On transparency issues Mr Bonner said that, like many of the Temporary Accommodation tenants, they were not informed when moved on to the estate that it was a future demolition site and had received no indicative or definitive answer as to where they will be housed after demolition of the site. Residents are concerned that they could be moved into the private rented sector. With regards to mistreatment, residents felt that they had no housing security. Furthermore there were a number of families living in overcrowded spaces and unliveable conditions, including in housing that have problems with damp and mould.

Mr Bonner recommended that the Council should stop the practice of moving more Temporary Accommodation residents into the estate. This is continuing to make the situation worse as it meant that more people have the same insecurity and uncertainty and will also need to be moved out prior to demolition. He added that all Temporary Accommodation residents on the Love Lane estate should receive an offer of permanent housing.

In response to questions from Panel Members, Mr Bonner said:

  • That the residents had been provided with a schedule of the proposed Love Lane estate redevelopment but no definitive information had been provided of where residents would be housed in future.
  • That he had personally been living in Temporary Accommodation on the estate for three years but some of the other residents had lived there for significantly longer.

Another member of the delegation, Reverend Paul Nicolson, commented that there were 4,400 Haringey families currently in Temporary Accommodation, 3,200 of which were housed within the Borough with the reminder moved out of the borough. In response to a Freedom of Information request, he had received information that 671 families had been moved into the private rented sector which results in a significant increase in the levels of rent thereby causing poverty for families.

Another resident commented that a lot of people on the estate felt emotionally drained by their experience, by not knowing where they will eventually be moved to and by bringing up children in the current living conditions on the estate. These difficult living conditions included problems with anti-social behaviour on the estate such as drug abuse and prostitution. Lifts in the blocks were often out of service and sometimes hazardous as the lift car did not always line up with the floor when the doors are open. Water sometimes leaked through internal ceilings within flats.
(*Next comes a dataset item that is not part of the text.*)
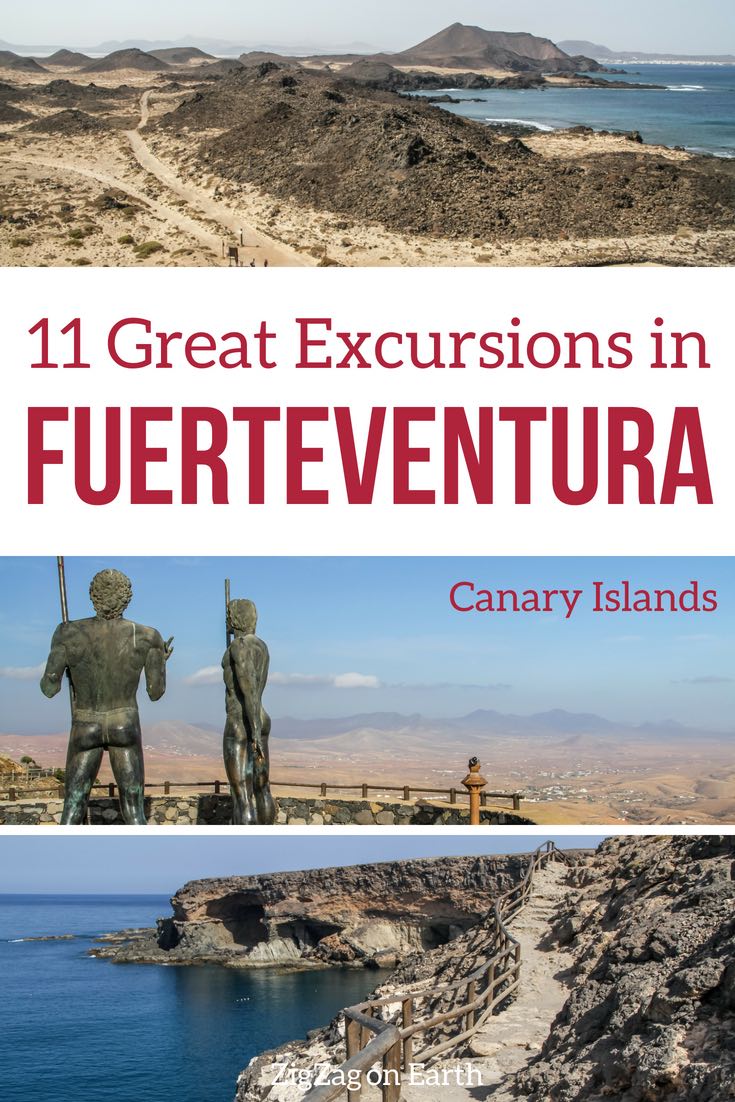 12 meilleures excursions Ã  Fuerteventura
Cllr Ruth Gordon thanked the delegation for attending the meeting and putting their concerns forward to the panel. She informed the delegation that, as a scrutiny panel, they were not a decision making body. However, the panel was able to take up questions on behalf of residents and investigate issues further as part of their work programme.

AGREED: That the Panel would:

  • Consider investigating the delegation’s concerns as part of the Panel’s 2018/20 work programme.
  • Raise concerns about the anti-social behaviour and the health and safety issues on the Love Lane estate with the relevant Cabinet member and invite members of the TAG Love Lane residents group to address the panel in future to ascertain whether these issues had improved or not.